In 2002 it cost NZ$3.95 in New Zealand a decade later it is NZ$5.20 - so a rise of about 30 per cent.
That puts it roughly in line with the average inflation rate.
In the US the price has risen a lot more according to the Economist which records it as US$2.49 in 2002 against the latest US$4.33 (a 70 per cent rise).
Surely that downward pressure on the New Zealand price must bias the results towards undervaluing the kiwi.
Then there is the fact that Big Macs vary in size from country to country and of course a big part of the cost may reflect the rent that restaurants have to pay.
So does that all add up to a meaningless piece of data? Don't bet on it.
Cost variations don't seem to be enough to stop the index being unnervingly accurate for the kiwi.
The Economist has been doing this every six months for 25 years but has only included New Zealand in the mix for the past decade - at least in published results.
A sweep through online archives is a bit hit and miss but a sample of seven index results across the past decade provides enough data to see a trend.
The kiwi dollar regularly rates as undervalued on the index but that rating is consistently justified by future movements.
Here's two examples:
In April 2002 the Index picked that the currency was 29 per cent undervalued.
At the time the kiwi was trading at US44c. History shows it rose steadily from there achieving a 29 per cent rise in less than 12 months. In May 2004 the kiwi was deemed to be 8 per cent undervalued at US63c.
At that time exporters were already complaining about the high value of the dollar and would have been horrified to know it was going to hit US70c let alone US80c.
The only time, in these samples at least, that it was estimated to be overvalued was July 2007 - right before the global financial crisis started to unfold.
After the crisis the New Zealand dollar crashed and by February 2009 had fallen to US54c.
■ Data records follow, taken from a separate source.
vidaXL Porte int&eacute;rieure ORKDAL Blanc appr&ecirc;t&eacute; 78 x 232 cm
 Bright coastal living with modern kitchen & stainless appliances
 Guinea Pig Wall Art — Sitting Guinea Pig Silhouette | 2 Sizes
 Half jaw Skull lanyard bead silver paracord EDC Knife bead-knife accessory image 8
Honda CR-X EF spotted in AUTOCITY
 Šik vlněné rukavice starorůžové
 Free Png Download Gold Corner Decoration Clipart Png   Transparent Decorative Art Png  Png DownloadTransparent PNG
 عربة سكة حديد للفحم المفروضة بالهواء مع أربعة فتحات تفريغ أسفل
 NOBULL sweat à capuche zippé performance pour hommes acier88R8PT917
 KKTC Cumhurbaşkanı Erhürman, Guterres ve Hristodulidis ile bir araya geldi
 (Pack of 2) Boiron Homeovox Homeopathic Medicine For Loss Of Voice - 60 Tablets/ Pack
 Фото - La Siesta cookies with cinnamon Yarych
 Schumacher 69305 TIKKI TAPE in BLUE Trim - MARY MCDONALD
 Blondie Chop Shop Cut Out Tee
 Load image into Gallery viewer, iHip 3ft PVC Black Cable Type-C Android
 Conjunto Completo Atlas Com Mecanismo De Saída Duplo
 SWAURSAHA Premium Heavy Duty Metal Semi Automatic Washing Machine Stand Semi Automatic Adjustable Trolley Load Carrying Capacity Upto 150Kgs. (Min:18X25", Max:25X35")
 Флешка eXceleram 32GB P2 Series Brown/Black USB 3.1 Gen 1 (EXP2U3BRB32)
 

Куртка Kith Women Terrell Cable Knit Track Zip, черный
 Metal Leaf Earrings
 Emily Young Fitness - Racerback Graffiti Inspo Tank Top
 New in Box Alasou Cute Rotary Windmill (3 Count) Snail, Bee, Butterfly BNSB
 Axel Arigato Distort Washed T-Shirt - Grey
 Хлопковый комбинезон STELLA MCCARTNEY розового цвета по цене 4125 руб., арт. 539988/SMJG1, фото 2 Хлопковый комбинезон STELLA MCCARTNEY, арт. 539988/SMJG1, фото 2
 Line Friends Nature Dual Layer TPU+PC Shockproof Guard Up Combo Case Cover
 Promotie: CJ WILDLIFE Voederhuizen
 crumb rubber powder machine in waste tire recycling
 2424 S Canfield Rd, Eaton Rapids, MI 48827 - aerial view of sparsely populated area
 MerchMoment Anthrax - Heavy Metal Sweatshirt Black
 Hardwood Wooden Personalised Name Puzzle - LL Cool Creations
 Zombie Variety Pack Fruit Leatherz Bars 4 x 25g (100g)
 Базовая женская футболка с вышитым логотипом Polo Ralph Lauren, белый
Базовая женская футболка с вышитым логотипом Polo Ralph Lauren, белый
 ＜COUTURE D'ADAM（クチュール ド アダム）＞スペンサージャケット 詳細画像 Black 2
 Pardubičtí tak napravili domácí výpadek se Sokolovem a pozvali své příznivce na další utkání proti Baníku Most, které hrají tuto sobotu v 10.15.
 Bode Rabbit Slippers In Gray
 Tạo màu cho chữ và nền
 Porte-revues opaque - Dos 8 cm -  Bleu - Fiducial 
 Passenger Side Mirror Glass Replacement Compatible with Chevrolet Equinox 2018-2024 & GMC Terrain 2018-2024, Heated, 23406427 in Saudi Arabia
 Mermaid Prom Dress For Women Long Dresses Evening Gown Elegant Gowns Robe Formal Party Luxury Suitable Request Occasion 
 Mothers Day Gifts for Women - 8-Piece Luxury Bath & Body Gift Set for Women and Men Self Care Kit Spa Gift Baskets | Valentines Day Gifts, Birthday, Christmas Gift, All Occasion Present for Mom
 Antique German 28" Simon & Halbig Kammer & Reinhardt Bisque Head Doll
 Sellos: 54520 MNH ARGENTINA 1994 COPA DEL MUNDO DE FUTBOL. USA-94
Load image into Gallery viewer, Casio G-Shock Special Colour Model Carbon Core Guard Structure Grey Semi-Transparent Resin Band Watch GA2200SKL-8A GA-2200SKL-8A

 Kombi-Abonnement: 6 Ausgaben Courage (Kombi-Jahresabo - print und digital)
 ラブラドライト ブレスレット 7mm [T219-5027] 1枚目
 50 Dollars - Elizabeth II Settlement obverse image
At that time the Big Mac Index picked the kiwi to be 30 per cent undervalued - a call that would surely have flabbergasted most pundits analysing New Zealand's gloomy outlook.
But come back it did - it took just six months for the kiwi to recover that 30 per cent - hitting US70c in January 2010.
On January 30 this year we were at US80c and the index called us 5 per cent undervalued. We hit US84c by the end of that month.
In the end the the Big Mac Index is just a bit of fun. No one is claiming it is scientific.
But it provides a timely reminder of something we should probably know by now.
Sensible domestic assessments of currency value, based on economic fundamentals like commodity prices, debt levels and interest rates, are consistently ignored by market traders who live only in the present moment and make their calls based only on relative considerations.
If we think our economic outlook is grim and undeserving of a high dollar then we are probably failing to factor in just how bad the rest of the world looks.